I don't mean to downplay the significance of sorrow, suffering or trial in our lives. The Lord knows that we all suffer. Some of us are suffering now, some of us are weighed down with incredible sorrow. Yet, as Christian's we have great reason to rejoice. God is faithful. God keeps His promises. God will redeem and restore His people. His Word is truth.
The Israelites had lived under extreme conditions for many years. The opportunity to return to Jerusalem was not without issue. There was work to be done before the people could return. The temple had to be rebuilt. The walls had to be repaired. This was hard and laborious work. Yet, the people did it. They worked together to rebuild the city of God. At the end of that time of hard work and trial, they were commanded to celebrate, to relax and to enjoy the blessing of God upon their lives.
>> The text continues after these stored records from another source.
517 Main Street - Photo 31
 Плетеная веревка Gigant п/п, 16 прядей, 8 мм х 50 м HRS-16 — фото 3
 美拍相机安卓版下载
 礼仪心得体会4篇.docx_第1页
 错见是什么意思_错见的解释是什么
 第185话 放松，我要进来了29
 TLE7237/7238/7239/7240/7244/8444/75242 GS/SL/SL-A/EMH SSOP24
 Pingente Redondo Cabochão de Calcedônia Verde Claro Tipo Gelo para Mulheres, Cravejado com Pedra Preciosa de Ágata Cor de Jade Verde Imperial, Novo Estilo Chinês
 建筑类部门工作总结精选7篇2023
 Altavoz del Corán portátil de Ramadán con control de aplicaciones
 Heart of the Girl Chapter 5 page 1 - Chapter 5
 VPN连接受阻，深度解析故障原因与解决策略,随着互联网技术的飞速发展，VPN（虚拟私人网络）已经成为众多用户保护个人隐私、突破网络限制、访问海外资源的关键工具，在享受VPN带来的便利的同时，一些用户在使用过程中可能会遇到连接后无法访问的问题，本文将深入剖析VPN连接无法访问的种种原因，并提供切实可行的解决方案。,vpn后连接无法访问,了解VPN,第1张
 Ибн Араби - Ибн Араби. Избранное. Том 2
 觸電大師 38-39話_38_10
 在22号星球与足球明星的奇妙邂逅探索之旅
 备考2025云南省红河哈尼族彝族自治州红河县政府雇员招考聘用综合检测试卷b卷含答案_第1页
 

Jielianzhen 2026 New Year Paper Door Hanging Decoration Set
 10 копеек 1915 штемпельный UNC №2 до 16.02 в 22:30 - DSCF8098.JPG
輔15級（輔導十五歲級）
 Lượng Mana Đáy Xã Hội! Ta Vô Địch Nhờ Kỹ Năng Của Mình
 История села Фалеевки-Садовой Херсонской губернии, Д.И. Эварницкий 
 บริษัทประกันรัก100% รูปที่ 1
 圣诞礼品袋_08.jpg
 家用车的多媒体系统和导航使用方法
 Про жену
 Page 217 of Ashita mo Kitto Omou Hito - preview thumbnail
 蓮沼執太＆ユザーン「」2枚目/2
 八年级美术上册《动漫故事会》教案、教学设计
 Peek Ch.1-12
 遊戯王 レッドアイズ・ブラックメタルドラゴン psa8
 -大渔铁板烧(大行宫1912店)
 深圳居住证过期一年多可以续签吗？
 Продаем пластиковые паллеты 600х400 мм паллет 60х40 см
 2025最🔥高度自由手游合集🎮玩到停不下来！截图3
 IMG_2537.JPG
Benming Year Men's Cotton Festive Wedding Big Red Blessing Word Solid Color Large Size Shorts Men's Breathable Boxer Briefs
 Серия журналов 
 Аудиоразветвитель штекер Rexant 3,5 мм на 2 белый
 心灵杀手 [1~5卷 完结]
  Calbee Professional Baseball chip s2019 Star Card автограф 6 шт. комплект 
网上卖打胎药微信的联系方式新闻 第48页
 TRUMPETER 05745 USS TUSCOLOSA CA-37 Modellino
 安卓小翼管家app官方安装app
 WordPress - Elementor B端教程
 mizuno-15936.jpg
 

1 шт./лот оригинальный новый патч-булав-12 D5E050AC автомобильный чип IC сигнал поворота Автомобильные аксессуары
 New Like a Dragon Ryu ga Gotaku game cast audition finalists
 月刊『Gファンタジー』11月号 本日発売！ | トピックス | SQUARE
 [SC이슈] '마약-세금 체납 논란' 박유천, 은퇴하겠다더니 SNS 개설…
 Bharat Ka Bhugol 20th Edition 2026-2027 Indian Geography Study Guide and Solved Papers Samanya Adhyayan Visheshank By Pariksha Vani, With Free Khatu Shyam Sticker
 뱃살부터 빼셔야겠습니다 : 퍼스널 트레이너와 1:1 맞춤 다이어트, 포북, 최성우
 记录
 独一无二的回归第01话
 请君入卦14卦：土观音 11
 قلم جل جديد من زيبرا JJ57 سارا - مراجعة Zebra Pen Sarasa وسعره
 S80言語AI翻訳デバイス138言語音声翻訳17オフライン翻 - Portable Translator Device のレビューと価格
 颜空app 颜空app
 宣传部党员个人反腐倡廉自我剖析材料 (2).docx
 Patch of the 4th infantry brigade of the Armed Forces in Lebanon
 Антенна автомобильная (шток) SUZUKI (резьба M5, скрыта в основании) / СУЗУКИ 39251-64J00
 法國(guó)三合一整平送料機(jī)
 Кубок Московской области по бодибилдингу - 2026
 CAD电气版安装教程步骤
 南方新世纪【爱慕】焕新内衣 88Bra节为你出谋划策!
Today, I think about this story, and I marvel at the fact that God still calls us to relax, to rest, and to enjoy His blessing on our lives. The trial, the sorrow, the hurt -- these things still remain with us -- yet there is opportunity to rejoice in the strength of the Lord. The Lord is our Joy. He is our strength.
As I consider this call to rejoice, I remember all that the Lord has brought me through the past ten or so years. Yes, if I am honest, I can recall His presence in my life over the course of my days -- all my days. He has been a constant companion, my very present help in times of trouble (Ps. 46:1).
God is our Refuge and Strength [mighty and impenetrable to temptation], a very present and well-proved help in trouble.
Yes, the Lord has been with me. He has kept me safe and secure. He has provided for every need in my life. He has promised good to me, and He has been faithful (is faithful) to bring to pass all the good I experience in my life.
So while I travail, I struggle, and I suffer at times (John 16:33):
I have told you all this so that you may have peace in me. Here on earth you will have many trials and sorrows. But take heart, because I have overcome the world."
I can rejoice and and with James (chapter 1, verse 1-2) say:
Dear brothers and sisters, when troubles come your way, consider it an opportunity for great joy.
So as I prepare for this Season of Joy (I am not speaking of Christmas -- I am speaking of this time in my life), I remember all that the Lord has done for me. I look forward with great excitement and expectancy to the future -- to what the Lord has planned and prepared for me. I know that I will struggle, I will stress, and at times, I will suffer -- but I believe that the "joy of the Lord is my strength," and it is in Him that I will overcome because He has already overcome this world.